I do know there are also people who refuse to deal with live bait so I know artificial baits have their place as well - but, I want people to know the value of live bait.
What Drives Me?
I believe that live bait anglers have been persecuted, mocked, ridiculed and slandered for 100's of years. George Washington refused to fish with artificial baits and exclusively fished live bait.
At the end - my goal is to show the art, beauty and sport of live bait fishing when it is done at a higher level. I see the gap in tackle, techniques and I aim to close it - fishing doesn't need to be hard, but the industry is run with the stereotypes in place and based on sales figures- not fish catching.

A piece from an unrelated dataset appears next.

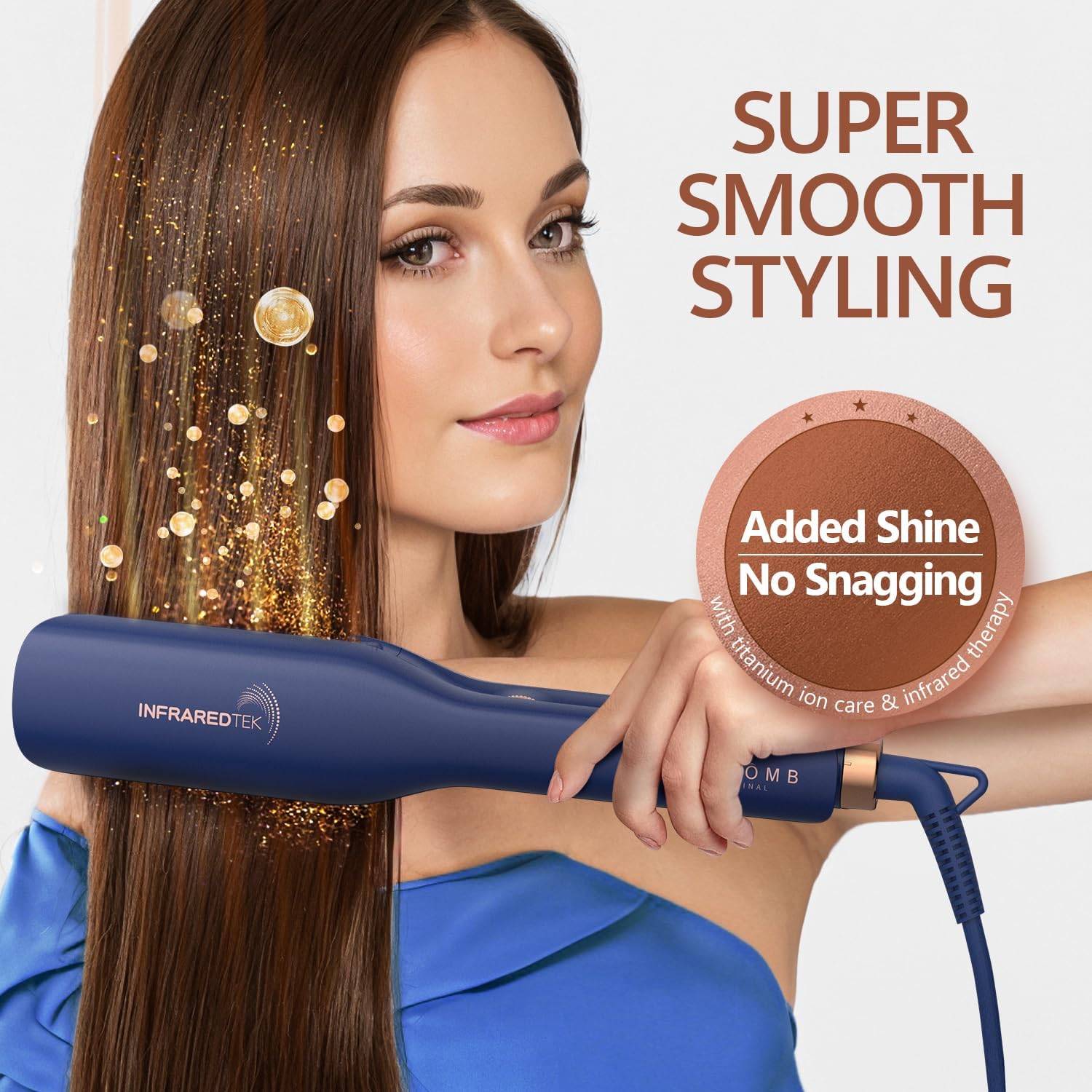 Titanium Flat Iron Hair Straightener | MIRACOMB Professional Straightening Iron Styler with Infrared Light for Straight and Smooth Styles|1.75" Premium 2 in 1 Styling Tool with Digital Heat Settings - Image 2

Agree! But rather than killing ourselves further with higher chances of cancers due to pollutants like petroleum by-products, it's time to return back to the natural, wholesome, icky live stuffs again. It's a pain to deal with, but we're doing our part to preserve what nature has intended. Not artificial flavoring and undigestible craps that will cause us to grow the 11th or 12 digits on our bodies.